Kids can’t even get spots to be part of groups that volunteer sometimes! At Northwestern, Dance Marathon is a big fundraiser and now it’s super hard to get chosen to volunteer for that event! Essays and interviews, etc. and who knows how the kids are chosen. I’m guessing it doesn’t hurt to know an upperclassmen on the committee to pull a younger student in. It also makes the school feel very competitive with kids trying to get a resume going and feeling like they need to be in these clubs. So, behind academics, kids are applying for these spots multiple times trying to pad a resume. No thanks.
@homerdog I completely understand why some volunteering opportunities have applications given there might not be enough tasks to keep everyone occupied doing something (there’s a point where it transitions from volunteering to just standing around :lol: ,) but I wish a lot of these groups were more transparent about what they’re looking for----rather than having a convoluted multi-stage process.
IMO it’s much easier to find research opportunities, but that might be because they’re largely unpaid and on a volunteer basis except over the summer (when Brown, not the lab, will provide a stipend.)
I suspect this is limited to a very small number of a very certain type of colleges. Probably a single digit number of schools. It’s certainly not anywhere near common, IME.
@RichInPitt As other posters pointed out, this isn’t a phenomenon at T20 LACs interestingly, so it’s mainly restricted to T20 universities. It’s probably due to a combination of the competition to get into the school to begin with permeating ever facet of student life on some level (even at Brown) and the medium number of students. State schools have large enough student bodies to balance the # of clubs with the # of interested students, whereas T20 universities probably have a lot more pre-professional students by % than others (IIRC ~70% of JHU freshmen indicate they are pre-med, though this number decreases due to factors such as grades, extracurriculars, and finding other interests.)
This thread was more a FYI than anything to prospective students to understand what exactly they’re signing up for, if they decide to attend one of these schools (no matter if they’re as far apart as Columbia and Brown, they still share common aspects.)
I’m not at all convinced that state schools are immune from this. There are plenty of wildly competitive opportunities. Tour guide is a typical one (500 applicants for 10 spots at my S’s college). My S is currently reviewing 100 applications for 20 places for undergrad law journal author/editor positions and many of the other clubs he’s participated in require competitive applications.
It’s not just T20 universities where this happens as public flagships have competitive application for activities/clubs etc.

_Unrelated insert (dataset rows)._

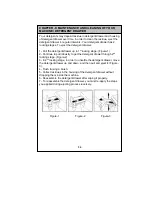 Preview for 36 page of Smeg SWM126MD User Manual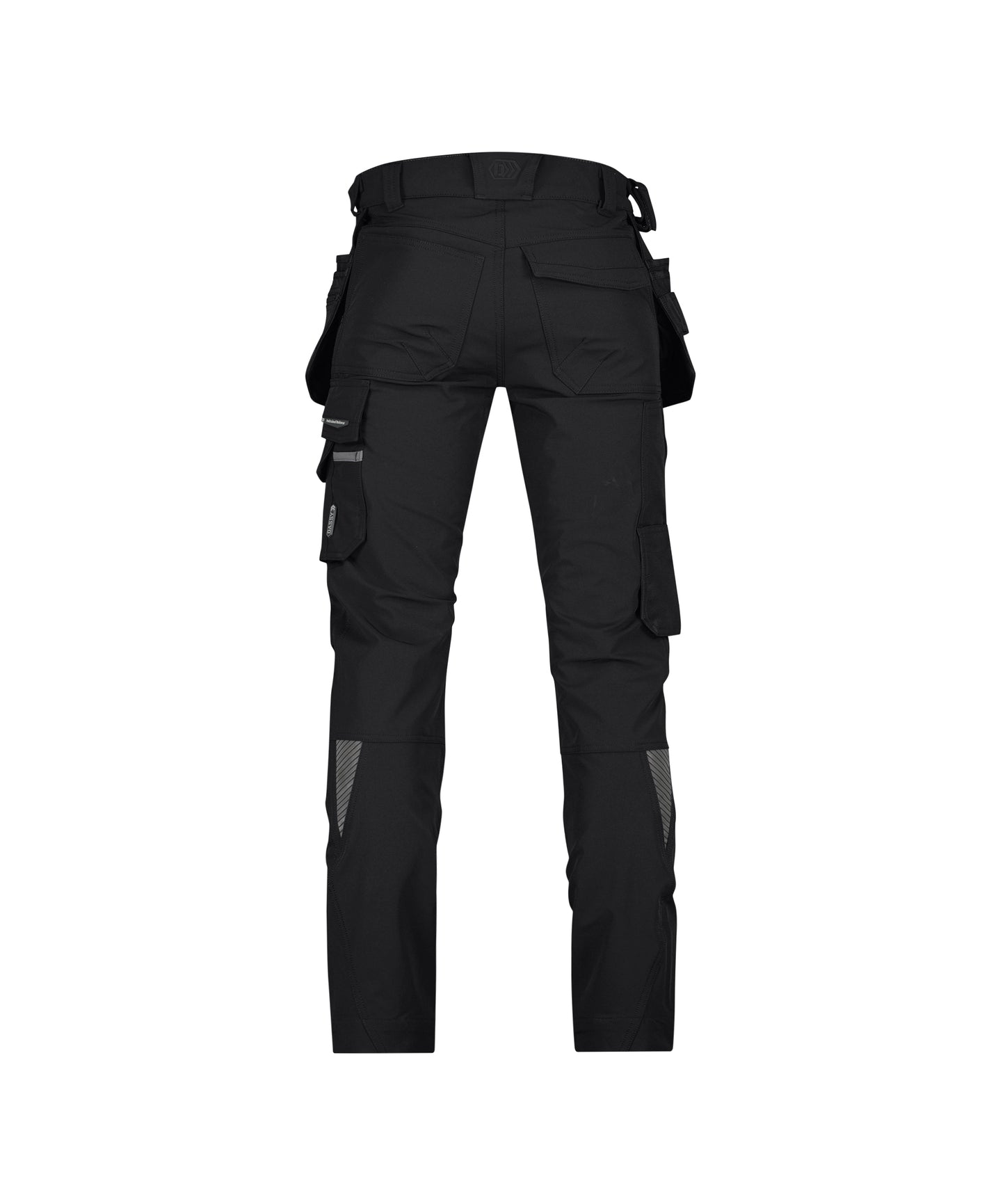 DASSY® Matrix DASSY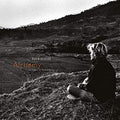 David Sylvian - Alchemy: An Index Of Possibilities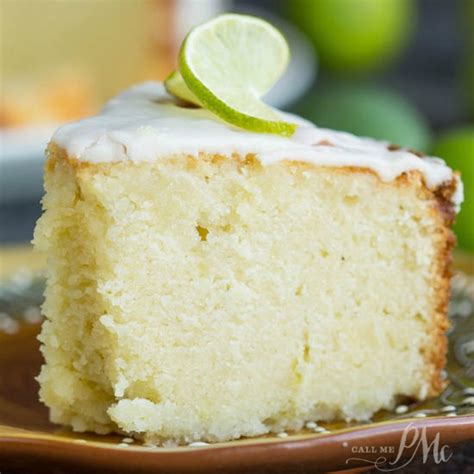 scratch-made-key-lime-pound-cake-recipe-with-key-lime-glaze image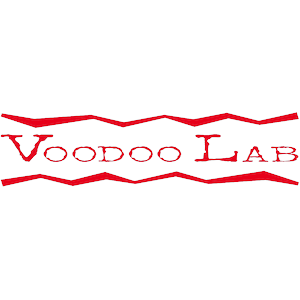 Voodoo Lab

In hindsight – as we were not fans when my kid chose to pledge a fraternity – I understand how greek life can provide a surrogate opportunity for a “buffet” of ECs and engagement in a large university experience. Fraternity and sorority members can get involved leading large fundraisers, from managing advertising and publicity, or they can serve as an officer, managing fairly significant budgets Treasurer etc. While it struck me as “manufactured” at the time – create a group that needs leaders and create fundraisers so someone has to run them – I appreciate that it provided good experience for my kid which helped him get his first job. And, since it is wholly contained within the school experience, a student can navigate the school-EC/engagement balance a little more easily than with a 3rd party non-profit etc. which may have non-negotiable meeting times etc.
But yes, students looking to engage in specific ECs at any school should find out about the process for participating.